Work task ->
Retype every record exactly. Leave the pictures out.
== Segment start ==
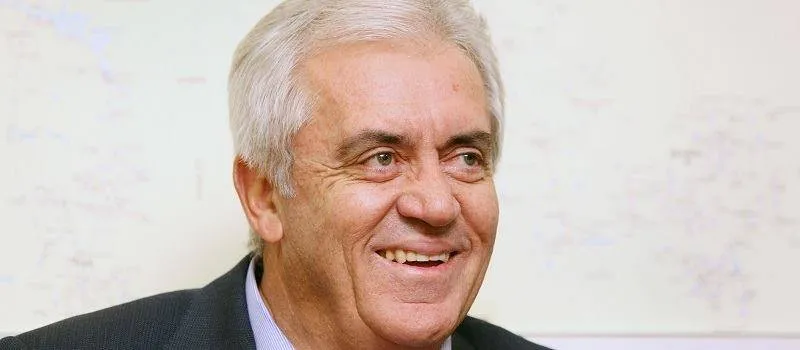 TODO PODEROSO: Renúncia de Nilo e possível eleição de Coronel evidencia nova força de Otto Alencar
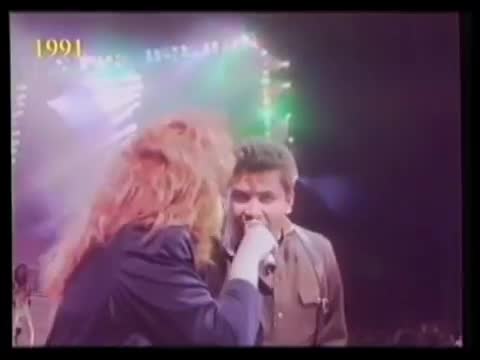 Алла Пугачёва - Чао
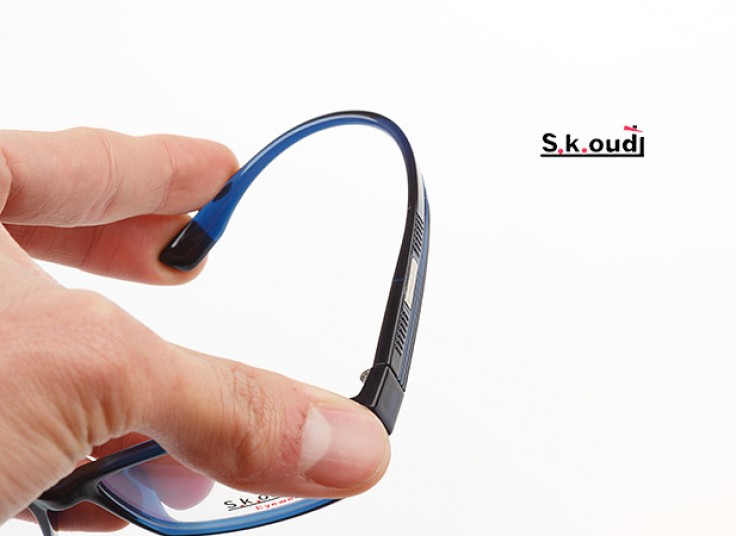 عینک طبی S K oudi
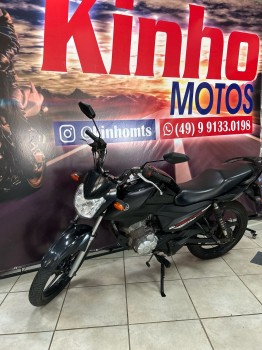 Yamaha Fazer YBR FACTOR 150 ED/FLEX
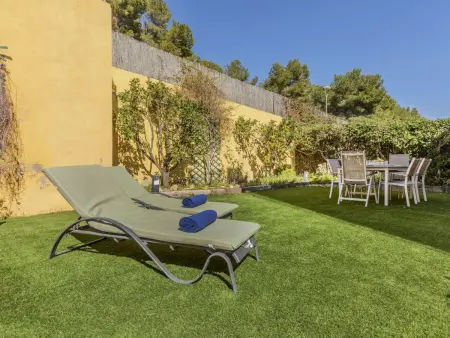 Vistamar, Maison 6 personnes à Torredembarra - Photo 2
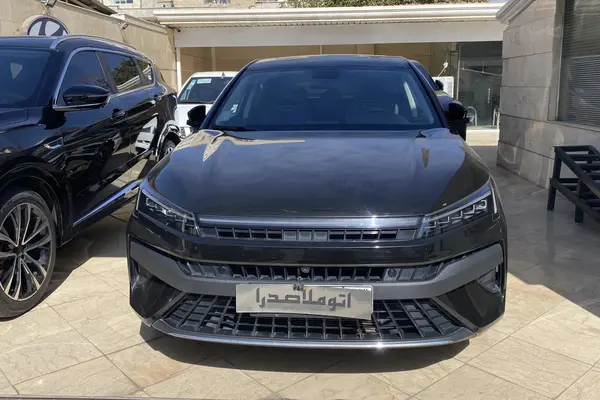 خودرو کی ام سی، J7 آگهی ann_20824953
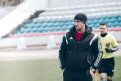 Тренер клуба Евгений Шкилов. Фото: Дмитрий Тупиков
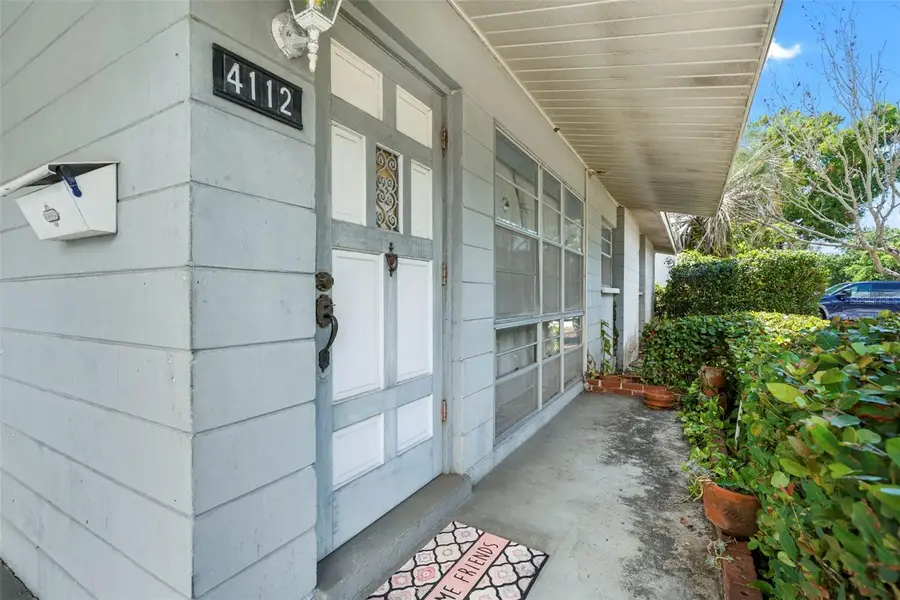 4112 W Oklahoma Avenue, Tampa, FL 33616 - #3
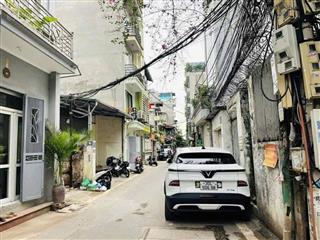 Bán nhà riêng tại xuân la, 10,86 tỷ, 37m2, chính chủ hàng hiếm q.tây hồ, hn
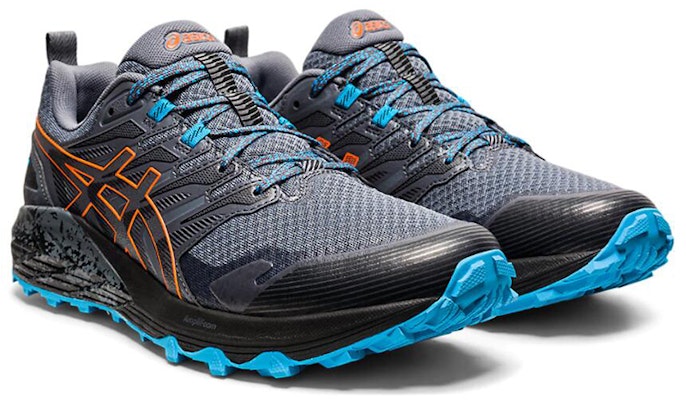 ASICS Gel-Trabuco Terra Trail /Orange 'Grey' 1011B029-020 Lookbook ASICS Gel-Trabuco Terra Trail /Orange 'Grey' 1011B029-020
== Segment end ==
Expected answer ->
 TODO PODEROSO: Renúncia de Nilo e possível eleição de Coronel evidencia nova força de Otto Alencar
 Алла Пугачёва - Чао
 عینک طبی S K oudi
 Yamaha Fazer YBR FACTOR 150 ED/FLEX
 Vistamar, Maison 6 personnes à Torredembarra - Photo 2
 خودرو کی ام سی، J7 آگهی ann_20824953
 Тренер клуба Евгений Шкилов. Фото: Дмитрий Тупиков
 4112 W Oklahoma Avenue, Tampa, FL 33616 - #3
 Bán nhà riêng tại xuân la, 10,86 tỷ, 37m2, chính chủ hàng hiếm q.tây hồ, hn
 ASICS Gel-Trabuco Terra Trail /Orange 'Grey' 1011B029-020 Lookbook ASICS Gel-Trabuco Terra Trail /Orange 'Grey' 1011B029-020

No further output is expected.